What is required → The required output is every line from the beginning of the entries below through the line that includes "Research scientist in", copied exactly.
[Supplied data — start]
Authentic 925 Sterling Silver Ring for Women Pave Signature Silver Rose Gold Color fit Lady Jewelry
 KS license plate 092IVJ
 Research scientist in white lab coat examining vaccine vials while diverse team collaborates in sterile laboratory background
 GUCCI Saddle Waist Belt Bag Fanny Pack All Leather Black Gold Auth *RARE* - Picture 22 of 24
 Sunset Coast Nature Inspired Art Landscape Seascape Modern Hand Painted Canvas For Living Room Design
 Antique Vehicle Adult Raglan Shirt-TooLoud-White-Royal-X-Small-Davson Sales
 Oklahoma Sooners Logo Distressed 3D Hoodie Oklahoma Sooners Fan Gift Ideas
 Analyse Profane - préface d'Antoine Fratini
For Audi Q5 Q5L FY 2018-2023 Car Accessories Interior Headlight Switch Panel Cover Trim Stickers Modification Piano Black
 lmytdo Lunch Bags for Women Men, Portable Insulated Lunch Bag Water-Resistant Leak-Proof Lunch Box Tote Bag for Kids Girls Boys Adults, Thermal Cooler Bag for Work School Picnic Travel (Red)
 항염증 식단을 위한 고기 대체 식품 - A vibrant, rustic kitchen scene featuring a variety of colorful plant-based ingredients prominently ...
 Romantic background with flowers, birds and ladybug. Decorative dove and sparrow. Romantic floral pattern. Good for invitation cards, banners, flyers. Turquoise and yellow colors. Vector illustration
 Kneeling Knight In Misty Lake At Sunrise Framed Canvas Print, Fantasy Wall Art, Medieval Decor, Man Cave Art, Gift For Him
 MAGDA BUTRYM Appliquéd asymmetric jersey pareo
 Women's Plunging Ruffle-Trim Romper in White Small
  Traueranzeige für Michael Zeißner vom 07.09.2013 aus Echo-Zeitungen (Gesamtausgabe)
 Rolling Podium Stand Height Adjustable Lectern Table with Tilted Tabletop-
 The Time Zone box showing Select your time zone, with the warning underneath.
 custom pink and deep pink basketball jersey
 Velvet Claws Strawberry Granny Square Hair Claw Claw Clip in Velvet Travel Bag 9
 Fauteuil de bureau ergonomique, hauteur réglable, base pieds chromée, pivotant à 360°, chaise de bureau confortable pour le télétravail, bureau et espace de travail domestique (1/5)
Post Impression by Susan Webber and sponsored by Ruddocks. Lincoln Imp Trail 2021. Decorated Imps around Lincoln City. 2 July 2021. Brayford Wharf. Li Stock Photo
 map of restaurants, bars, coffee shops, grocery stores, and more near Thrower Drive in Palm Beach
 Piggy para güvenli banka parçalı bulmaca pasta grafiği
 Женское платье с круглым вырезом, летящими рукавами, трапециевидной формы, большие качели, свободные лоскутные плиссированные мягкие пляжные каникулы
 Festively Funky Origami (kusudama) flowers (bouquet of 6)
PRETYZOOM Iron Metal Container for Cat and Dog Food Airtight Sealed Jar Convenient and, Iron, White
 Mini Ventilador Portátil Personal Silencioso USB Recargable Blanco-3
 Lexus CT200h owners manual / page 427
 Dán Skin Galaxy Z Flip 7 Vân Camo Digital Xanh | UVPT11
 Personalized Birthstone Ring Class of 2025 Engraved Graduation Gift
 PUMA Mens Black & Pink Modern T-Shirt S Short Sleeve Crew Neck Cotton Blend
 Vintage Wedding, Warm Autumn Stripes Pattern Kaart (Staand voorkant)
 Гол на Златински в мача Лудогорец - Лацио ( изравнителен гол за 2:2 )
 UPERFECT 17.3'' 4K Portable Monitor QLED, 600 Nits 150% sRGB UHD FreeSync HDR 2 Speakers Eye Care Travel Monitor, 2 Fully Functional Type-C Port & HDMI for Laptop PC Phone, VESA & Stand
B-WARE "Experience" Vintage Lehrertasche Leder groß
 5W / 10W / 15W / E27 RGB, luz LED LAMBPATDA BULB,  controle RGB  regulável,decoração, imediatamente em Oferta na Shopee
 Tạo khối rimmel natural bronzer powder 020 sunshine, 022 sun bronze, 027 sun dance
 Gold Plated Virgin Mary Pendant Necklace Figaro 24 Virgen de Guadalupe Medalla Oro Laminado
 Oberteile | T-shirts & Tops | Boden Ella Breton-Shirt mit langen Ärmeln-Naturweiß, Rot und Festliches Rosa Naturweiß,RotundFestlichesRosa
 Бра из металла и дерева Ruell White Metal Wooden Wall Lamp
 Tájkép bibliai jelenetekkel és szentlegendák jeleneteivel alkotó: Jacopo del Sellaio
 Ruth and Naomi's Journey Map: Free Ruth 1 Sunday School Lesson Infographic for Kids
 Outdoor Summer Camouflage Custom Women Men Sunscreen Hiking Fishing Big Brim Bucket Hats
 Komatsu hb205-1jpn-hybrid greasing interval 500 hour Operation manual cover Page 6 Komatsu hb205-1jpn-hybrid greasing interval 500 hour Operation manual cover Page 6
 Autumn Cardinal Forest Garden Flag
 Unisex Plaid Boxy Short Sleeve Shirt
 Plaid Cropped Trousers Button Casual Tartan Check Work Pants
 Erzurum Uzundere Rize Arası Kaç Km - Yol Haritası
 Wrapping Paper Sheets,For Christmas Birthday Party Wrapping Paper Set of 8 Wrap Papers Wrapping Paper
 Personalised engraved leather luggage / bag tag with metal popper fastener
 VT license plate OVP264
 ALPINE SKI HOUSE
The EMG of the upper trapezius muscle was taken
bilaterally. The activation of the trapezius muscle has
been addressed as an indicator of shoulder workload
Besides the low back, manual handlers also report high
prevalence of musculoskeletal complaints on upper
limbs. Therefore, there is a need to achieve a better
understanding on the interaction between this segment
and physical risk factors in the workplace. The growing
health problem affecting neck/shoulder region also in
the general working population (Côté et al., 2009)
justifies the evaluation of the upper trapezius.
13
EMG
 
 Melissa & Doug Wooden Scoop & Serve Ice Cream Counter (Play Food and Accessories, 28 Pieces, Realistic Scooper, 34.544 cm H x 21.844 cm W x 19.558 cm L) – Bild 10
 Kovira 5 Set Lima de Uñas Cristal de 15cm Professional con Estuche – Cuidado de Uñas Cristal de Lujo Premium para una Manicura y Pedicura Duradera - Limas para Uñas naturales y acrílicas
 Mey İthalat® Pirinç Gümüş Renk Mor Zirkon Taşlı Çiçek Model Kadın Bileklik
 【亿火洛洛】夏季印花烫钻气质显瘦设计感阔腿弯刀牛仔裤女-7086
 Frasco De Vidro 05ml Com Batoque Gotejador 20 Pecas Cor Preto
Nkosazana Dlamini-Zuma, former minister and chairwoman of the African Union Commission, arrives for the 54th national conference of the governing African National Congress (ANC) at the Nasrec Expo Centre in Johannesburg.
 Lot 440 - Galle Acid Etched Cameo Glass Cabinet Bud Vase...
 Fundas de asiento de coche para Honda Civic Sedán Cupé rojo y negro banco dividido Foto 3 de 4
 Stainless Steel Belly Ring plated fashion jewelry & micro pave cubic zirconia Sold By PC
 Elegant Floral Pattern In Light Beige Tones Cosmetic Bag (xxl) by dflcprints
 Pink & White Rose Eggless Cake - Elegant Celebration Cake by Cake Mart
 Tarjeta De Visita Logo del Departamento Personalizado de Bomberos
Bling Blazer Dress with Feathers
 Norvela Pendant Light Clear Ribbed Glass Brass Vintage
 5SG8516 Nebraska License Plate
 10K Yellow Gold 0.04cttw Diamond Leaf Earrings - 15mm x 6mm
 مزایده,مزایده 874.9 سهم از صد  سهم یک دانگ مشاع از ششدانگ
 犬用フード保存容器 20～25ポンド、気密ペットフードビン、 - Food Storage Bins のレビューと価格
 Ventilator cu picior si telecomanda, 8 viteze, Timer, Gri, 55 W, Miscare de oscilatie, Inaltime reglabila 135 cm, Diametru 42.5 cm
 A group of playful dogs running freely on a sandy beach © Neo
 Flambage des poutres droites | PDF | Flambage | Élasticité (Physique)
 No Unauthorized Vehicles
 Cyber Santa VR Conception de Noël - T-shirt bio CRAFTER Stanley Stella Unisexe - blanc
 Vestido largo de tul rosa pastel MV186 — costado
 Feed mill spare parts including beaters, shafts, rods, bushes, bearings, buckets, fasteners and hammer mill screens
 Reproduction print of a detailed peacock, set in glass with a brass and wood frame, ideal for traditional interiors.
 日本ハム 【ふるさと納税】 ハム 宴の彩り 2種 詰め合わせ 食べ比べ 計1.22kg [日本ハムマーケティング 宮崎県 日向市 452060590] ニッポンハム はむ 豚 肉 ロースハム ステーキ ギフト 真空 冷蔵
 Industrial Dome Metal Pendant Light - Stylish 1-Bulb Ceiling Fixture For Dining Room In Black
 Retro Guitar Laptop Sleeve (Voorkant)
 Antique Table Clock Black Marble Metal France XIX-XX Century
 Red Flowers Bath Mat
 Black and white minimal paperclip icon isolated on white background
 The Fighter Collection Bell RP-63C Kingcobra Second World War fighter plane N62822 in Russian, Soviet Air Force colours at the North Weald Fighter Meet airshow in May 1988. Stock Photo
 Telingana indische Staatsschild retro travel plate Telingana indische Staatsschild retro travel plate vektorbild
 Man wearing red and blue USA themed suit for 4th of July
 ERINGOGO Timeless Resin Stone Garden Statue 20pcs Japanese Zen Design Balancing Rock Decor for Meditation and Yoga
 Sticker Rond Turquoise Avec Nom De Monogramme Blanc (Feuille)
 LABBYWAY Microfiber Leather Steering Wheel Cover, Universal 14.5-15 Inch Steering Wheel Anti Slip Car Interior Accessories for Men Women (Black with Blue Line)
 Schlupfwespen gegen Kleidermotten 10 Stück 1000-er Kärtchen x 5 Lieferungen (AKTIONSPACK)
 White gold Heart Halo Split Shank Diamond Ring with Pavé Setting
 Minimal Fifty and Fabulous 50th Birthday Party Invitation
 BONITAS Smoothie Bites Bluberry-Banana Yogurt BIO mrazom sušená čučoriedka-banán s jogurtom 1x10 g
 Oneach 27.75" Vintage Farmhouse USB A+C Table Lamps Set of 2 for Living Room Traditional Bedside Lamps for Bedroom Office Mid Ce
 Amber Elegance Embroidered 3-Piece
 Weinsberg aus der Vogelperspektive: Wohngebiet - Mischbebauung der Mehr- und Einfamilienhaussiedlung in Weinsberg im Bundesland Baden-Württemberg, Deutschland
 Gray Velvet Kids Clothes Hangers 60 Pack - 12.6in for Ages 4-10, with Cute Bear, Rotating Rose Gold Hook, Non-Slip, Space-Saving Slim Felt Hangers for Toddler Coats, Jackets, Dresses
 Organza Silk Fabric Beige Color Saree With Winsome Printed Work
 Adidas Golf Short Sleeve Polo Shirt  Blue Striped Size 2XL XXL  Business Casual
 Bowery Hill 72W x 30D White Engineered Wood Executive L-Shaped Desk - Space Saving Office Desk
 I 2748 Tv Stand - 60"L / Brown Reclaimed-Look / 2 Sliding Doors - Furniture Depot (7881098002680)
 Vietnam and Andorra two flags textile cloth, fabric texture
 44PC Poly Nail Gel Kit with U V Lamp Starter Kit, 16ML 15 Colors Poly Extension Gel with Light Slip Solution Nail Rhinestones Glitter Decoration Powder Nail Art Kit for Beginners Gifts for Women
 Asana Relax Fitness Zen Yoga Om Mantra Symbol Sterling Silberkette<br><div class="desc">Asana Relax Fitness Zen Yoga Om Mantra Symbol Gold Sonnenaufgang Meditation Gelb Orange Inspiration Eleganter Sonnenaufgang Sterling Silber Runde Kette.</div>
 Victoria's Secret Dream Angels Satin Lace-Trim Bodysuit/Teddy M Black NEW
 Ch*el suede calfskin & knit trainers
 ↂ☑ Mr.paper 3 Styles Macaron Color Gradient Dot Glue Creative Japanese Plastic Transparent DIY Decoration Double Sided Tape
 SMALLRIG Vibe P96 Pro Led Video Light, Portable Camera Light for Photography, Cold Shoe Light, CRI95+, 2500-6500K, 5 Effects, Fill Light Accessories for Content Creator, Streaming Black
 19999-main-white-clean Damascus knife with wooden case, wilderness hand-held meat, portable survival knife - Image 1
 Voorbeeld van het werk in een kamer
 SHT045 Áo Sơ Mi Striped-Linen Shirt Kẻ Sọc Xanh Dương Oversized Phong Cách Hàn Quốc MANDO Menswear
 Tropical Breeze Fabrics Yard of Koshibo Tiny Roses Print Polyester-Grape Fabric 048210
[Supplied data — finish]
Output for this task →
Authentic 925 Sterling Silver Ring for Women Pave Signature Silver Rose Gold Color fit Lady Jewelry
 KS license plate 092IVJ
 Research scientist in white lab coat examining vaccine vials while diverse team collaborates in sterile laboratory background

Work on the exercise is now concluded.